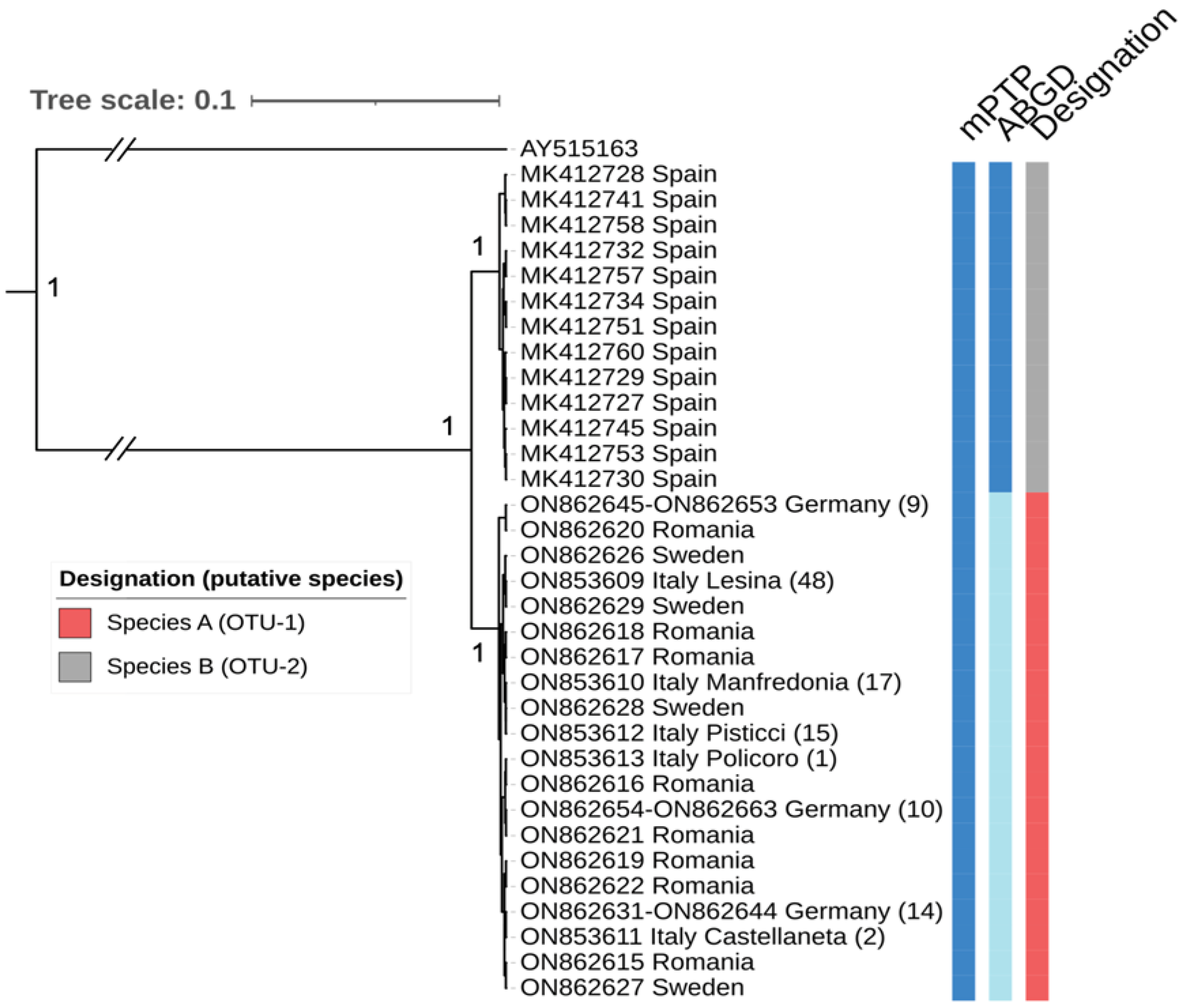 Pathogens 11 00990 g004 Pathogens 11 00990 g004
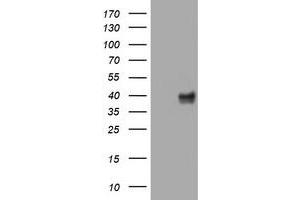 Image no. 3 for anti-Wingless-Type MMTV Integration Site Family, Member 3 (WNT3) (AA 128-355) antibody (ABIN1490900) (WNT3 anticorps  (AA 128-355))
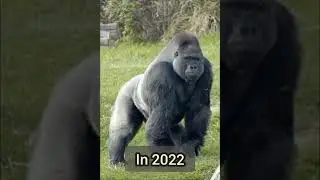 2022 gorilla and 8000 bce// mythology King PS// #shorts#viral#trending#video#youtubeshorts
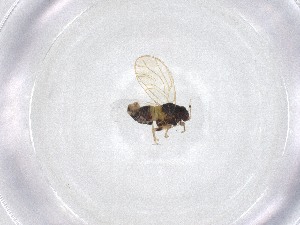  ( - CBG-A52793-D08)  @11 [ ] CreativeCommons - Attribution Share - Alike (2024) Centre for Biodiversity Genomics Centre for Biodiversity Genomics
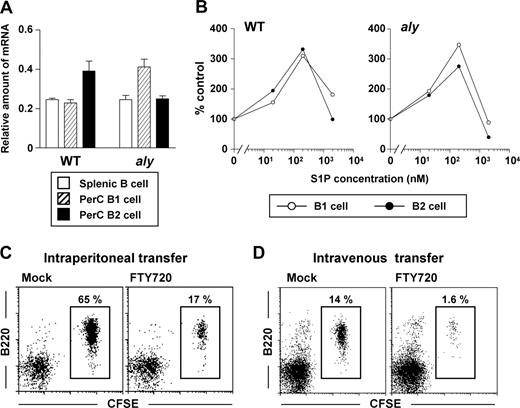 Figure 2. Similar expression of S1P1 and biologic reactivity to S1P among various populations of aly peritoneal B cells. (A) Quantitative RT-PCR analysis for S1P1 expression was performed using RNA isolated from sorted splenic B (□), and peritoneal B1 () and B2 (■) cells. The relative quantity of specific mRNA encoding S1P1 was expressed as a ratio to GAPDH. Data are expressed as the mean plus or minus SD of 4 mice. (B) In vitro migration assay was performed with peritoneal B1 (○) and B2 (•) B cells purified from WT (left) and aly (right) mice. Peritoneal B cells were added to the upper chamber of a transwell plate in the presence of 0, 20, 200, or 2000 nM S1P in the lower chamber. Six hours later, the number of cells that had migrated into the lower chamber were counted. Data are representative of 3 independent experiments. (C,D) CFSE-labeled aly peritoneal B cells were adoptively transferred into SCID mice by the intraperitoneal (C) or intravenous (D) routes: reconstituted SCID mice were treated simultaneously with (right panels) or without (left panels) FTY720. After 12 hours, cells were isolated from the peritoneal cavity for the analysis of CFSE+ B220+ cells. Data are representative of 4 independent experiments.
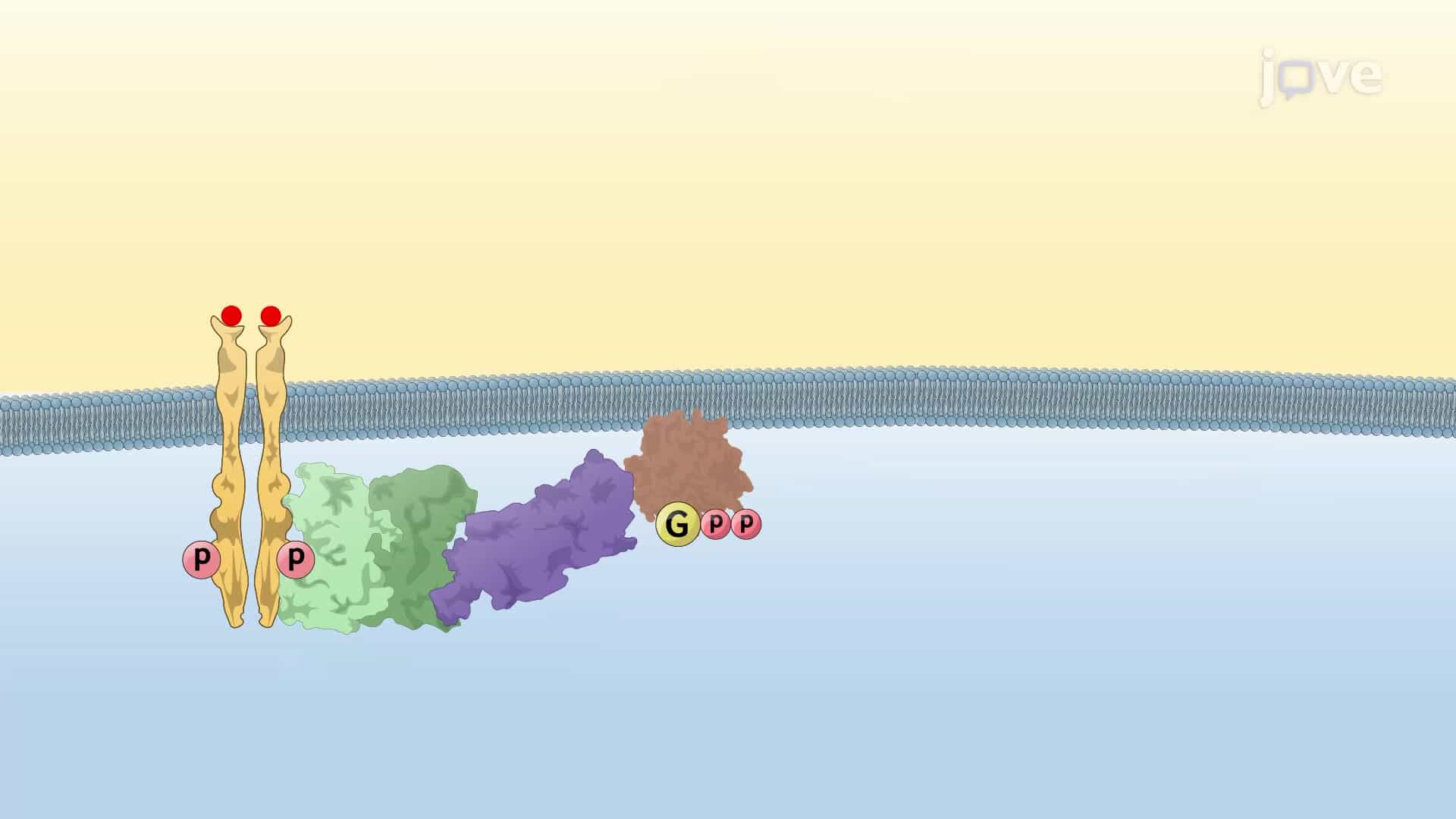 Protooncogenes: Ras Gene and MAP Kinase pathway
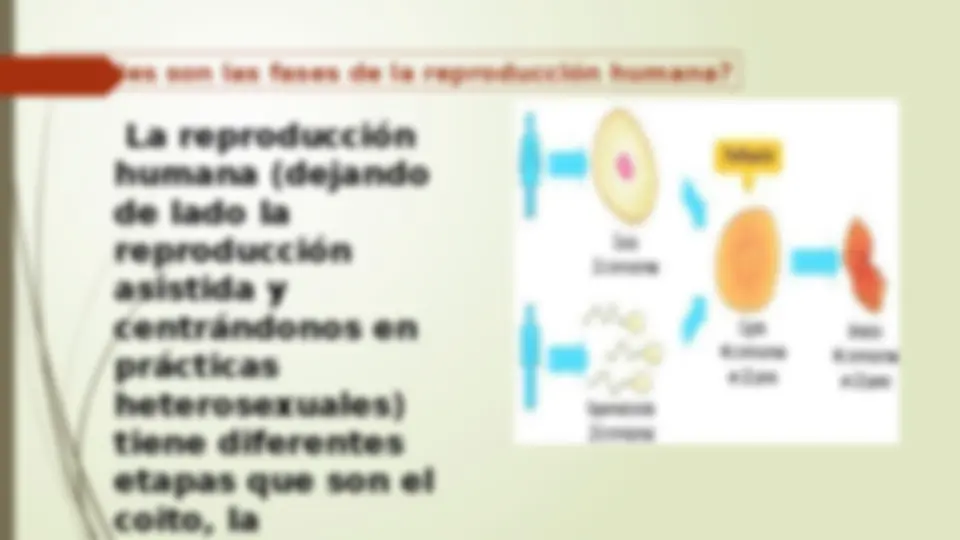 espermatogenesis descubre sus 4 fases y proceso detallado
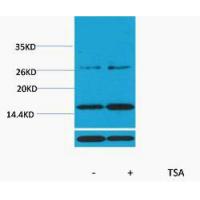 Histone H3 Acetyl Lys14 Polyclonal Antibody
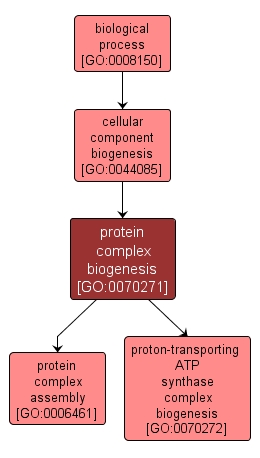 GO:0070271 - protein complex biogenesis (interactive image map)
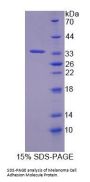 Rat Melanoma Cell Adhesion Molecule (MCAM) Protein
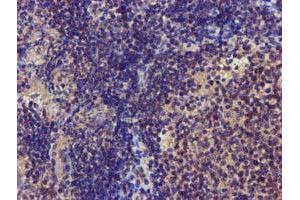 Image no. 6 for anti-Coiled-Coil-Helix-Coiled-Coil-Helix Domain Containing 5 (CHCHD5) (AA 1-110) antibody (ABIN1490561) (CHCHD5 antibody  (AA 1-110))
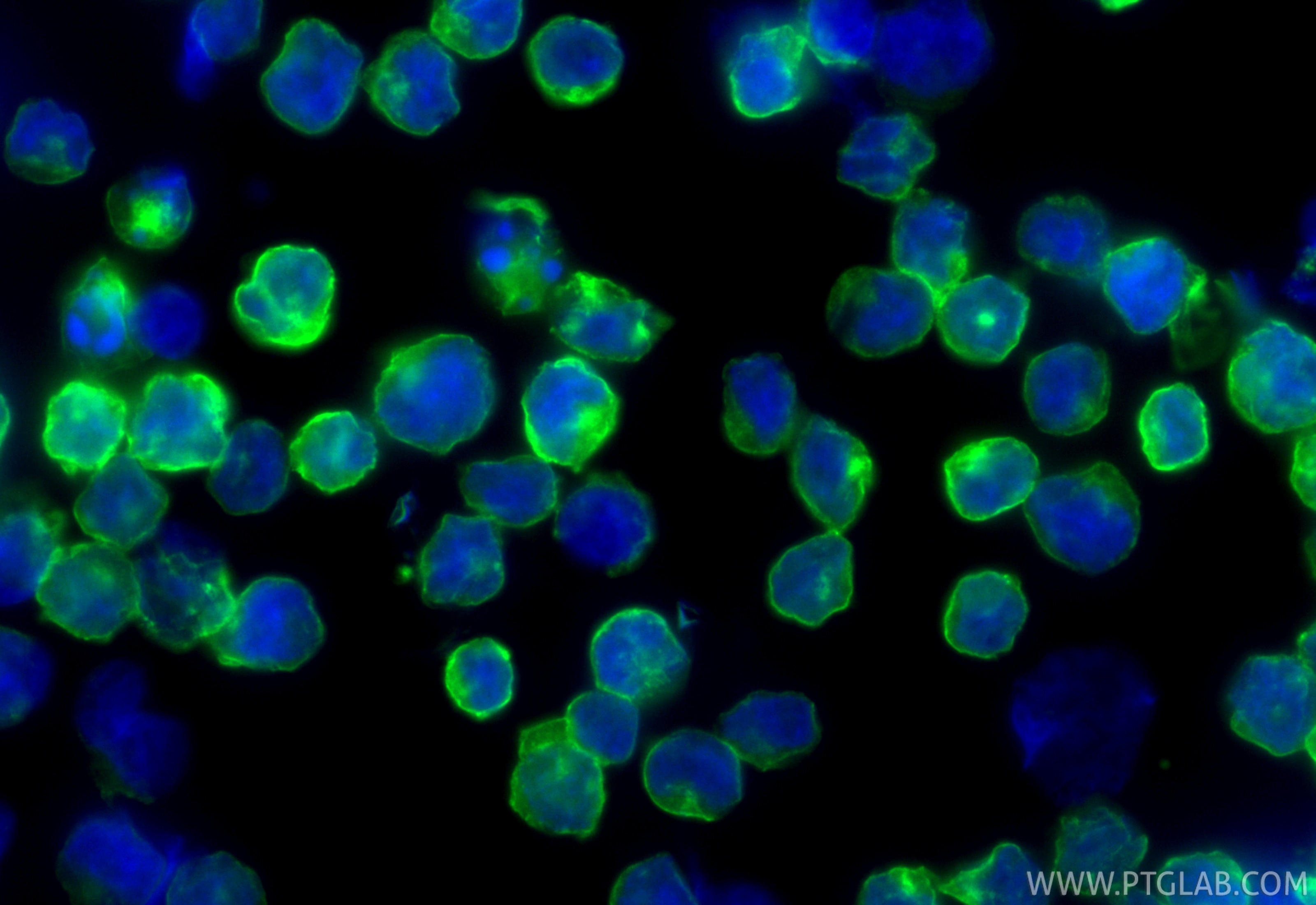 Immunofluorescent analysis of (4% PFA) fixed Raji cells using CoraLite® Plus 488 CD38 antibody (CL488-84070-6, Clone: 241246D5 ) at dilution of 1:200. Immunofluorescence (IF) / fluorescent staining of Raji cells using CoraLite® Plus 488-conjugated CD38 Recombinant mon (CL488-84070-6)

PROBLEM TO WORK ON » Word for word, restate all of the material, omitting the images.

RESULT OF THE EXERCISE »
 Pathogens 11 00990 g004 Pathogens 11 00990 g004
 Image no. 3 for anti-Wingless-Type MMTV Integration Site Family, Member 3 (WNT3) (AA 128-355) antibody (ABIN1490900) (WNT3 anticorps  (AA 128-355))
 2022 gorilla and 8000 bce// mythology King PS// #shorts#viral#trending#video#youtubeshorts
  ( - CBG-A52793-D08)  @11 [ ] CreativeCommons - Attribution Share - Alike (2024) Centre for Biodiversity Genomics Centre for Biodiversity Genomics
 Figure 2. Similar expression of S1P1 and biologic reactivity to S1P among various populations of aly peritoneal B cells. (A) Quantitative RT-PCR analysis for S1P1 expression was performed using RNA isolated from sorted splenic B (□), and peritoneal B1 () and B2 (■) cells. The relative quantity of specific mRNA encoding S1P1 was expressed as a ratio to GAPDH. Data are expressed as the mean plus or minus SD of 4 mice. (B) In vitro migration assay was performed with peritoneal B1 (○) and B2 (•) B cells purified from WT (left) and aly (right) mice. Peritoneal B cells were added to the upper chamber of a transwell plate in the presence of 0, 20, 200, or 2000 nM S1P in the lower chamber. Six hours later, the number of cells that had migrated into the lower chamber were counted. Data are representative of 3 independent experiments. (C,D) CFSE-labeled aly peritoneal B cells were adoptively transferred into SCID mice by the intraperitoneal (C) or intravenous (D) routes: reconstituted SCID mice were treated simultaneously with (right panels) or without (left panels) FTY720. After 12 hours, cells were isolated from the peritoneal cavity for the analysis of CFSE+ B220+ cells. Data are representative of 4 independent experiments.
 Protooncogenes: Ras Gene and MAP Kinase pathway
 espermatogenesis descubre sus 4 fases y proceso detallado
 Histone H3 Acetyl Lys14 Polyclonal Antibody
 GO:0070271 - protein complex biogenesis (interactive image map)
 Rat Melanoma Cell Adhesion Molecule (MCAM) Protein
 Image no. 6 for anti-Coiled-Coil-Helix-Coiled-Coil-Helix Domain Containing 5 (CHCHD5) (AA 1-110) antibody (ABIN1490561) (CHCHD5 antibody  (AA 1-110))
 Immunofluorescent analysis of (4% PFA) fixed Raji cells using CoraLite® Plus 488 CD38 antibody (CL488-84070-6, Clone: 241246D5 ) at dilution of 1:200. Immunofluorescence (IF) / fluorescent staining of Raji cells using CoraLite® Plus 488-conjugated CD38 Recombinant mon (CL488-84070-6)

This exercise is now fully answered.